Exactly as written, print every line of the listing below and omit its pictures.

-------- Input data

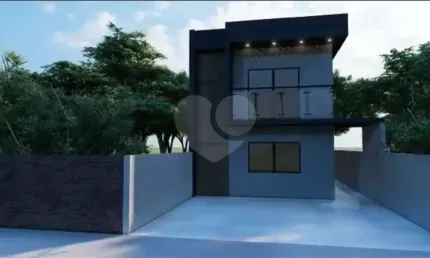 Casa com 3 quartos à venda em portais (polvilho) - sp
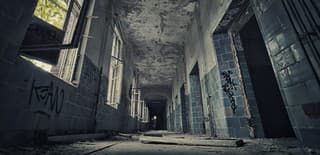 Opustené vinárske závody ukrývajú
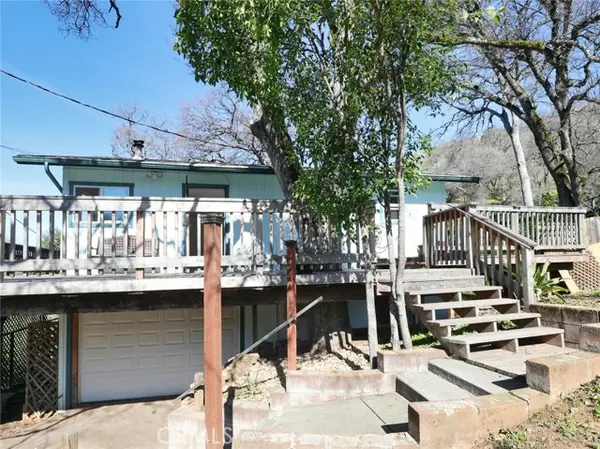 4165 Dawes Avenue, Nice, CA 95464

----------------

Output for this task =>
 Casa com 3 quartos à venda em portais (polvilho) - sp
 Opustené vinárske závody ukrývajú
 4165 Dawes Avenue, Nice, CA 95464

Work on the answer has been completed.